The servants took their time today doing things like feeding me and the chavs, themselves including man servant’s father. incidentally, he has taken over the bed I normally sleep on. For this it will take a couple of more days before I make him fully welcome and honour him with sleeping with him at night. Sorry, I digressed there. Anyway, just as I thought it was time to open presents the servants and servants father went out for a couple of hours. I think I overheard them say something about an eleven thirty service. This could not be for a car as they were dressed very smartly, it does not take three people to check a car in for a service and garages do not open on Christmas Day.
When they returned they said they had been to a lovely church service, whatever that is.
Present time at last! And what did I get? Not the yellow banana I had longed for, craved for and generally lusted after but a brown cigar shaped thing. Out of politeness I hid my disappointment.

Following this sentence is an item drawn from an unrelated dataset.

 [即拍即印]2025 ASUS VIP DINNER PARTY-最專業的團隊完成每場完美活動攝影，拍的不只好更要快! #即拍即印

This is quite easy as us felines have little or no facial expression of emotions. My disappointment was overcome when I discovered that this brown thing was stuffed with catnip and jolly good stuff it was too. I was, as they say on the street, ‘off my head’. in seconds.
My servants made a slight error in not getting me a banana but it is ok as the brown thing does the job. I just hope this error does not become a Christmas tradition.

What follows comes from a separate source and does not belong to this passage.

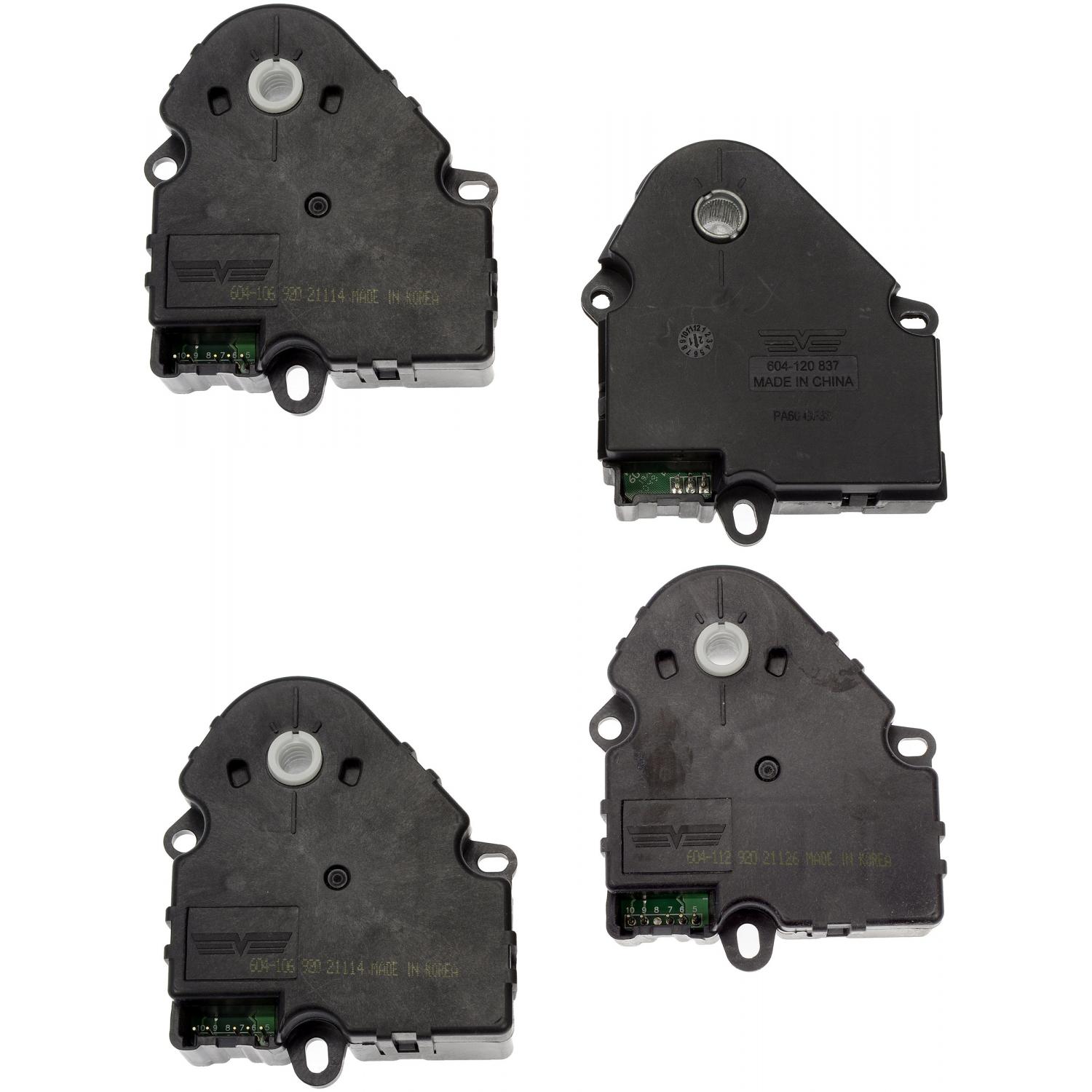 Dorman ADAKIT009 - HVAC Air Door Actuator Kit Dorman ADAKIT009 HVAC Air Door Actuator Kit product image 1 of 4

Unlike a very slight error in an newspaper in Oklahoma in 1955. The local department store , Sears, placed an advertisement in the paper asking children to phone in and check where Santa Claus was. Sears said that they must be sure to dial the right number. The number published had at least one digit wrong.
Colonel Harry Shoupe (1917 – 2009) was in charge of the air defence system in a bunker in rural Oklahoma. America was on standby at the height of the Cold War looking out for incoming missiles. The Colonel took the first call from a young boy. Once he realised it was not a practical joker and other colleagues were getting the same enquiries they kept answering the children’s phone calls.
The tradition started by an error has continued and developed to its level of sophistication. Today we can see radar images of Santa making his deliveries across the world. There are even Reindeer Cams showing a reindeer’s eye view of their travels on Christmas Eve around cities and across the countryside.
All thanks to a printing error and a Colonel with a sense of humour in a bunker in America’s mid West.